Pictures with short captions
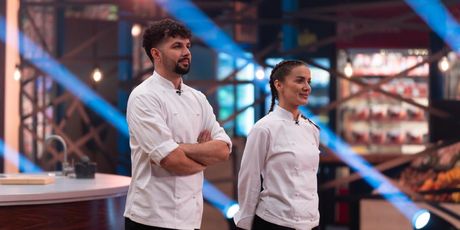 Ante Vukadin i Sanja Cukon, MasterChef - 7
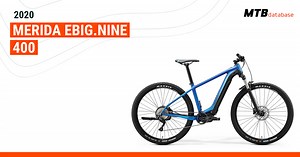 2020 Merida eBIG.NINE 400 - Specs, Reviews, Images - Mountain Bike Database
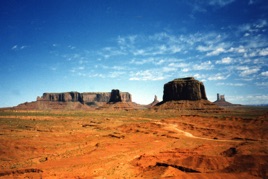 ce parc a servi de d&eacute;cor naturel &agrave; de nombreux westerns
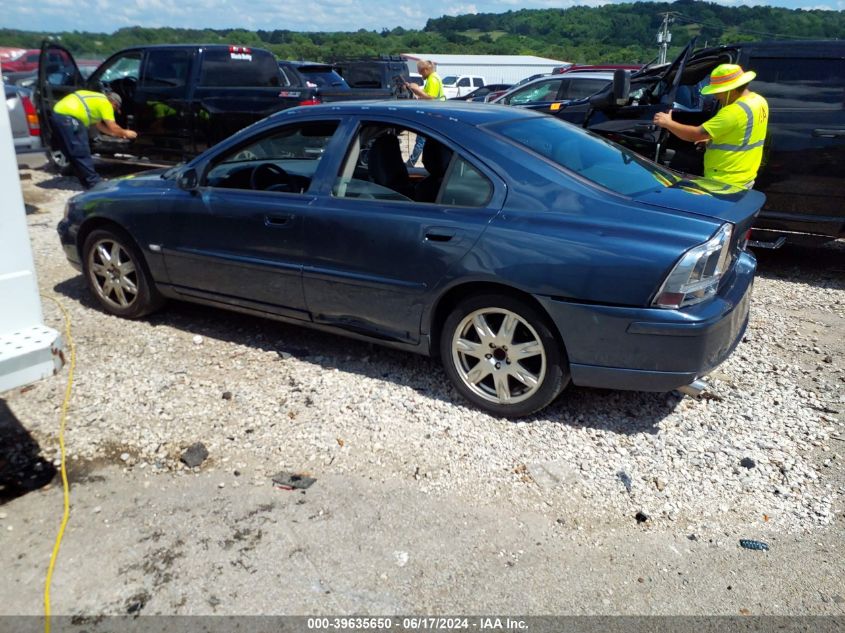 2005 Volvo S60 2.5T VIN: YV1RS592052467282 Lot: 39635650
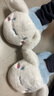 Hello Kitty女童棉鞋冬儿童室内家居鞋小孩保暖亲子棉拖鞋 玉贵狗蓝 38-39码 实拍图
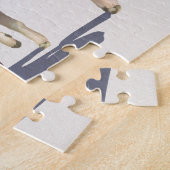 Koe boerderij partij dieren Barn Donkey Goose Pig Legpuzzel (Zijkant)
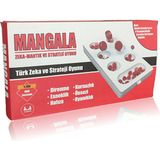 Mangala Türk Zeka ve Strateji Oyunu - Plastik Kapaklı Mangala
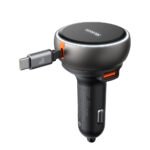 mcdodo cc 4850 freego 80w car charger, usb c, new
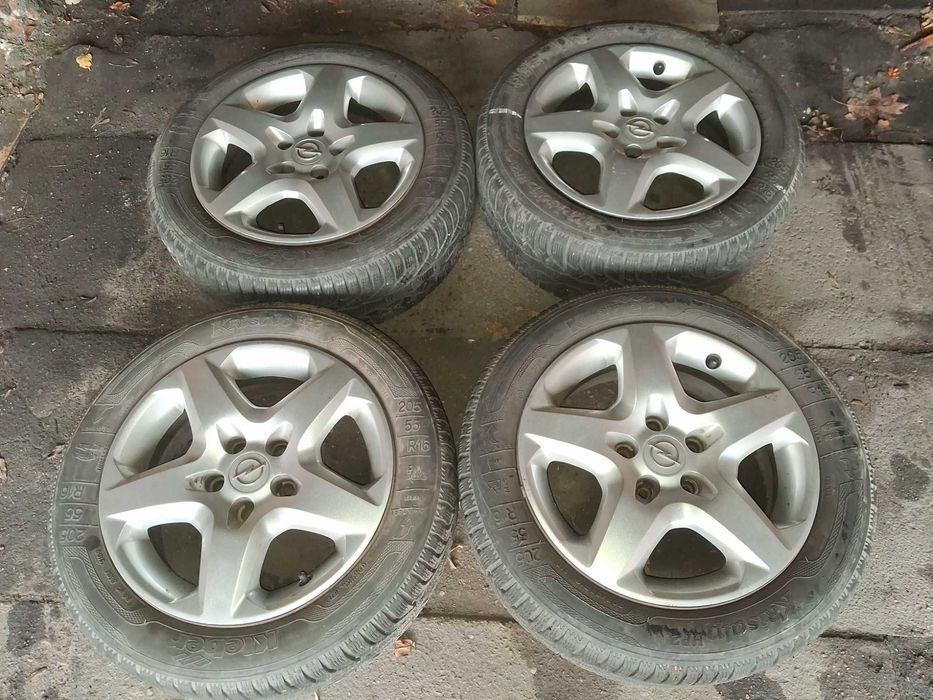Felgi strukturalne Opel 16'' 5x110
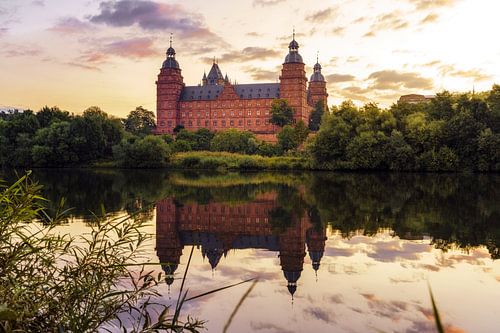 A caste along the river
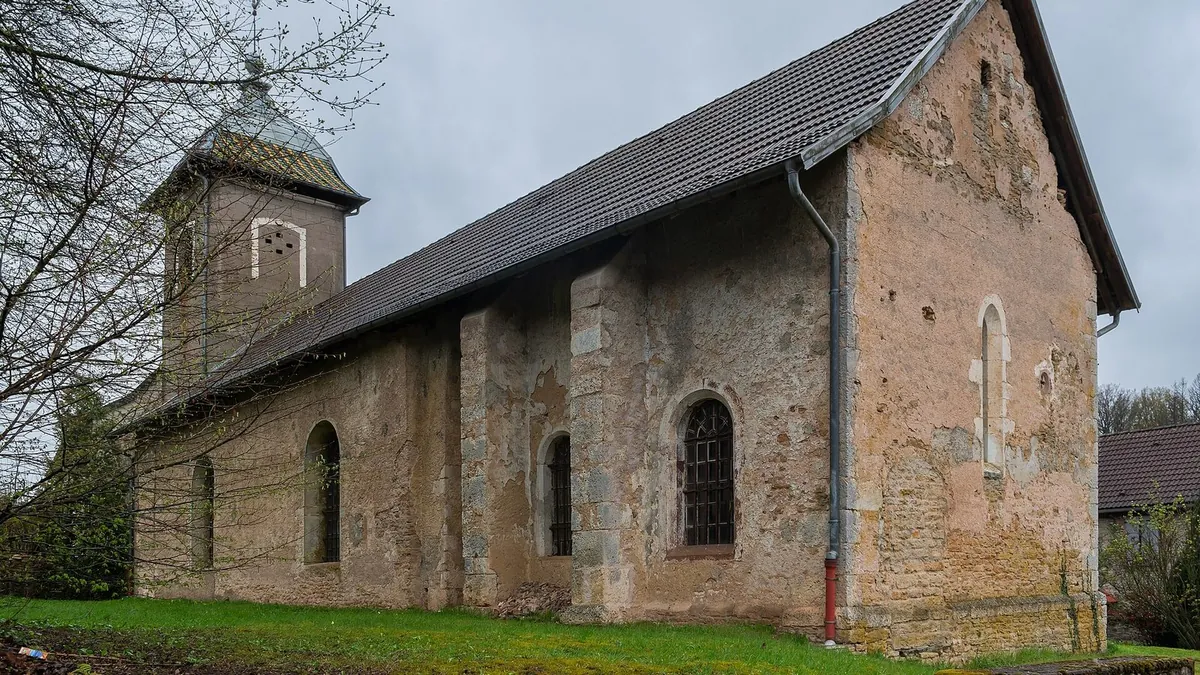 Église Saint-Germain d'Héricourt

WORK INSTRUCTION -
Retype the lines exactly as they appear, beginning with the line that contains "Hello Kitty女童棉鞋冬儿童室内家居鞋小孩保暖亲子棉拖鞋 玉贵狗蓝" and ending with the final line of the entries, and omit the pictures.

RESULT -
 Hello Kitty女童棉鞋冬儿童室内家居鞋小孩保暖亲子棉拖鞋 玉贵狗蓝 38-39码 实拍图
 Koe boerderij partij dieren Barn Donkey Goose Pig Legpuzzel (Zijkant)
 Mangala Türk Zeka ve Strateji Oyunu - Plastik Kapaklı Mangala
 mcdodo cc 4850 freego 80w car charger, usb c, new
Felgi strukturalne Opel 16'' 5x110
 A caste along the river
 Église Saint-Germain d'Héricourt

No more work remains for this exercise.